Trucks at Work

Big cracks in cybersecurity confidence

There’s been a big push lately by the top political echelon of the U.S. to focus more on cybersecurity – witness President Obama’s recent cybersecurity summit held in Silicon Valley or comments this week by Sen. Ron Johnson (R-WI) noting that cyberattacks cost U.S. businesses approximately $100 billion per year.

Indeed, data security is becoming an ever-larger issue for trucking as well, as illustrated by stories you’ll find here and here.

Yet down in the trenches, across a wide variety of businesses, there seems to be a growing feeling that we’re outgunned when it comes to cybersecurity.

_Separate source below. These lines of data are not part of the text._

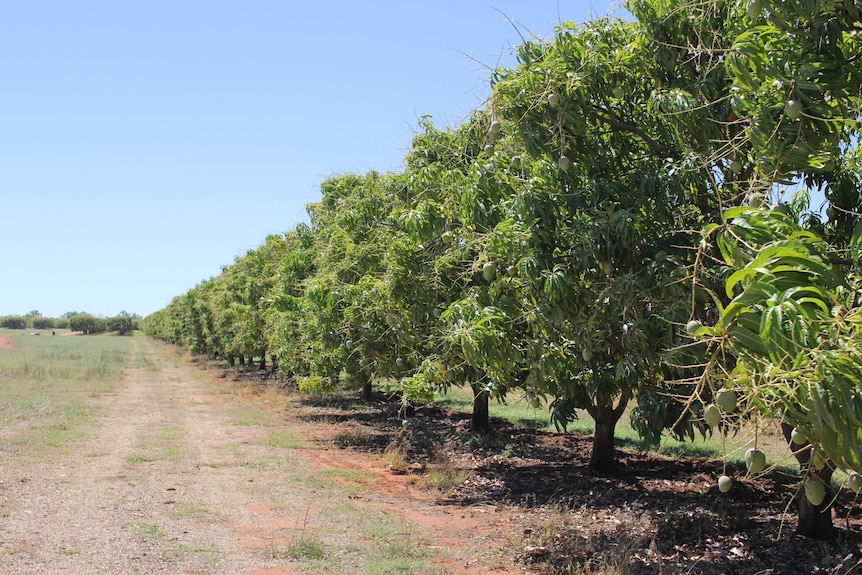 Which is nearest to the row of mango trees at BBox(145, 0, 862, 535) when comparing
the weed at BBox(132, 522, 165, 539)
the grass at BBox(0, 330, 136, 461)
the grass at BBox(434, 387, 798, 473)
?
the grass at BBox(434, 387, 798, 473)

For example, contemplate these recent findings from the Intelligence-Driven Defense survey conducted back in November by the Ponemon Institute on behalf of defense contractor Lockheed Martin.

That poll of 678 U.S.-based senior information technology (IT) practitioners in financial services, the federal government, healthcare, utilities, energy, pharmaceutical, and chemical sectors found that a majority don’t feel confident in the ability of company leadership to leverage cyber intelligence to effectively combat threats – despite an uptick in cyberattacks.

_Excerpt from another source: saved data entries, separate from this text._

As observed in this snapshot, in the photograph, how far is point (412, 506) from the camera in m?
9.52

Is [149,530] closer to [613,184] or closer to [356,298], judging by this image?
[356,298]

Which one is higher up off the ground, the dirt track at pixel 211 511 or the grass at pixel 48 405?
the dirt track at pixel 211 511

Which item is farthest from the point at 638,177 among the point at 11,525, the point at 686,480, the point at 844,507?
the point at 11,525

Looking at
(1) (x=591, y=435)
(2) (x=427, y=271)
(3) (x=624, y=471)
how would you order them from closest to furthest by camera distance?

A majority of respondents (75%) to Lockheed’s survey noted an increase in the severity and frequency (68%) of cyberattacks, but feared that they don't have the budget (64%) or the expert personnel (65%) to effectively fight them.

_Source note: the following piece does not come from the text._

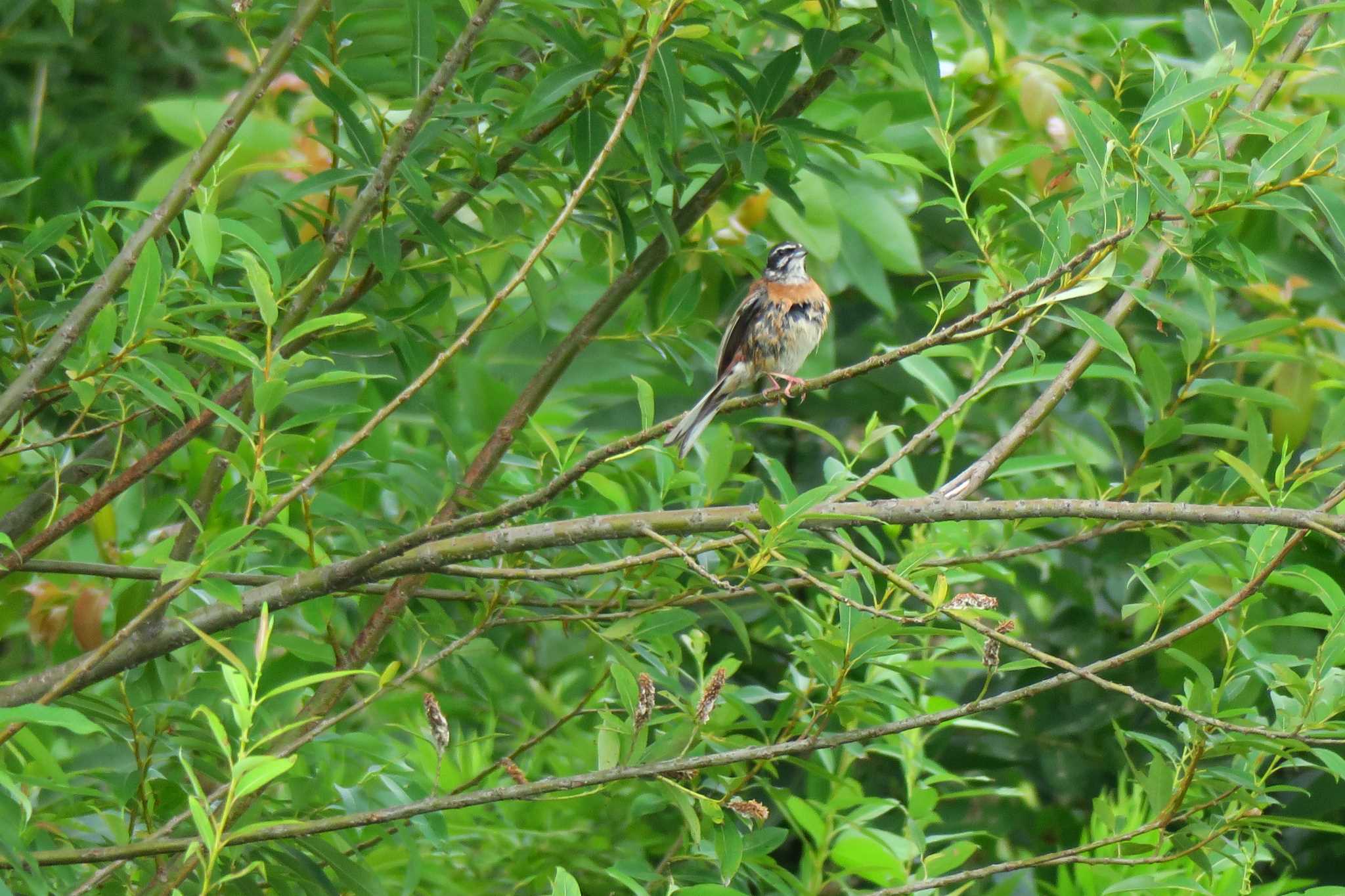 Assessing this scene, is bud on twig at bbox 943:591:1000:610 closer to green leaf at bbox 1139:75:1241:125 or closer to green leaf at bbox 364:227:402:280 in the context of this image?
green leaf at bbox 1139:75:1241:125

"This survey illuminates areas of concern about cyber readiness across government and critical infrastructure industries," noted Guy Delp, Lockheed’s director of cybersecurity and advanced analytics.

"The results highlight that the challenges in this domain are universal across both industry and government, and therefore our response needs to be equally holistic,” he said.

Here are some other findings from Lockheed’s cybersecurity survey:

  • Many organizations are relying on intuition, rather than intelligence, to assess their security levels: Business and government respondents who felt that they were not presently being targeted for attack relied on their intuition (35%) or logical deduction (33%) rather than data or intelligence (32%) to justify their beliefs.
  • Whether malicious or negligent, insiders continue to be among the greatest perceived cyber threats: Some 36% of respondents said that negligent insiders were the most significant network vulnerability facing their organization, and more than half (53%) ranked malicious insiders in their top four threats.
  • The most serious risks do not receive the most budget: The top two factors impacting an organization's cybersecurity posture – employee cyber awareness and supply chain security – receive only 4% and 15% of cybersecurity budgets, respectively. Top budget items, such as mobile and cloud security, are both perceived to be lower threat levels.

"Compliance was rated the top cybersecurity business priority by the survey respondents," noted Lockheed’s Delp. "Though somewhat surprising, it is a tell-tale sign that organizations feel the pressure to meet industry security compliance requirements. While satisfying compliance standards is important, organizations should view it as a foundation on which to build a more comprehensive security posture."

And where transporting freight is concerned, establishing solid cybersecurity “posture” is going to become only more critical in the years ahead.